Thursday, May 15, 2014

The Sprinter: Back on Track


[This is the long-delayed "sequel" to an earlier post, Introducing the Sprinter, published on July 3, 2013.]

A year ago at this time, I was impatiently anticipating the return of commuter train service to North County. I missed the convenience of riding the Sprinter when I traveled between cities. I especially hated riding a much too overcrowded bus to Escondido at 6:30 a.m. every Wednesday.

Why was I anticipating the return of the Sprinter?

On March 8, 2013, North County Transit District (NCTD) shut down the trains due to a problem with the braking system. The shutdown caused serious transportation problems for thousands of people (including me), many of whom (but not including me) depend on the train to get to work or school every day.

Of course The-Powers-That-Be (TPTB) still had to move all those people.

In order to do that, TPTB leased luxury commercial coaches that ran about every fifteen minutes during peak periods. The plush buses really didn’t have much leg room, but the seats were comfortable. And passengers didn’t risk life and limb stumbling over baby carriages, walkers, and personal shopping carts on the way to their seats because those items were stored in a separate compartment under the passenger section.

About a month into the shutdown, TPTB phased out the use of the commercial coaches. For a short time, several rickety buses brought in from Los Angeles helped to move commuters. A fellow passenger claimed that the L.A. buses dated back to the sixties. I didn't doubt it. Every time the drivers hit the brakes, something fell off those buses.

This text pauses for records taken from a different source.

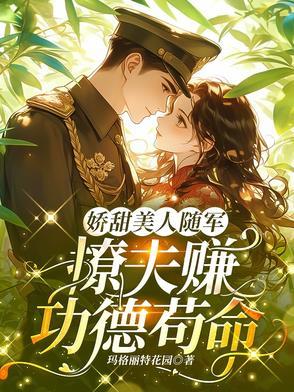 广州青云别院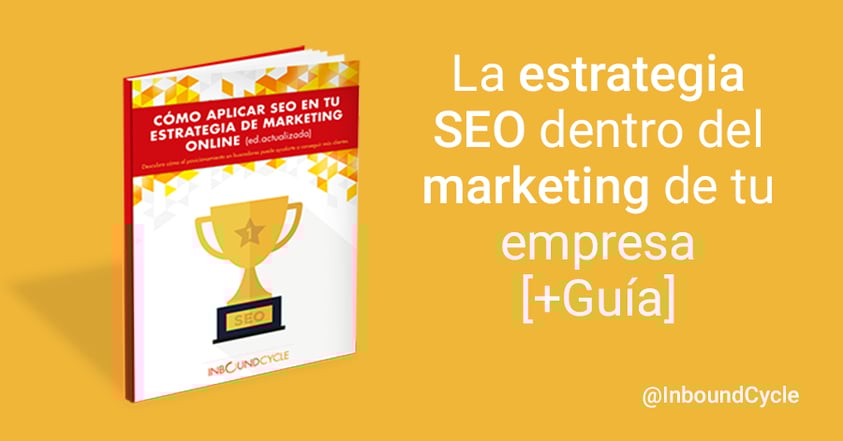 guia estrategia seo para marketing de emrpesa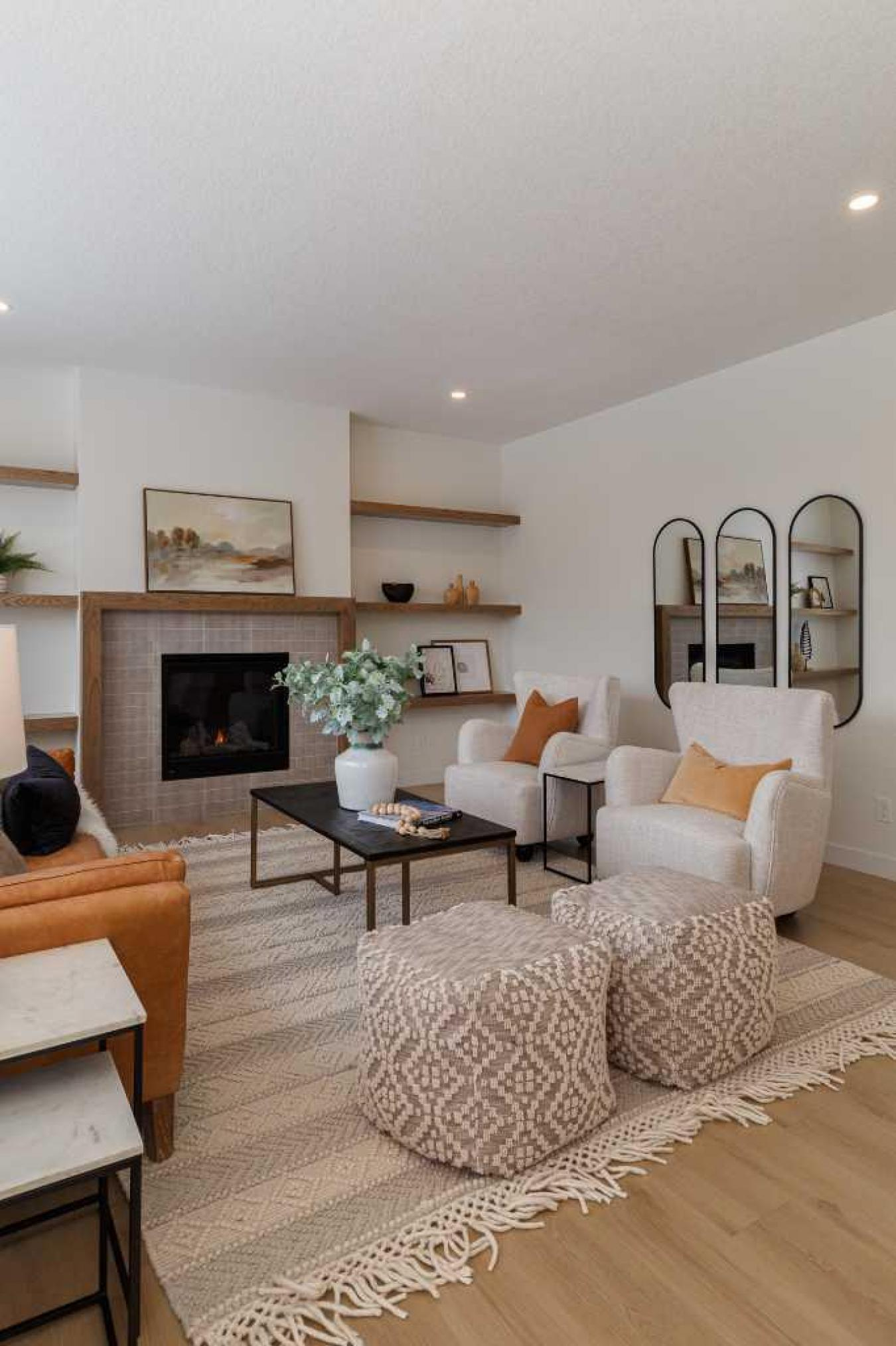 property-image-19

And then the L.A. buses disappeared. After that, what seemed like a half-zillion passengers were stuffed into NCTD buses operating on the most popular regular routes and two newly created Sprinter Shuttle express bus routes. Riding on one of those shuttle buses was like being trapped in a traveling sardine can.

The system remained shut down for over two months. After the repairs were completed, several agencies had to inspect the braking system, the tracks, the signals, and who knows what else before the Sprinter could start hauling people again.

On May 17, 2013, I noticed that the yellow boarding platforms were down. They had been pulled up when the Sprinter shut down. I figured that was a good sign. And it was. The Sprinter was back on track the next day.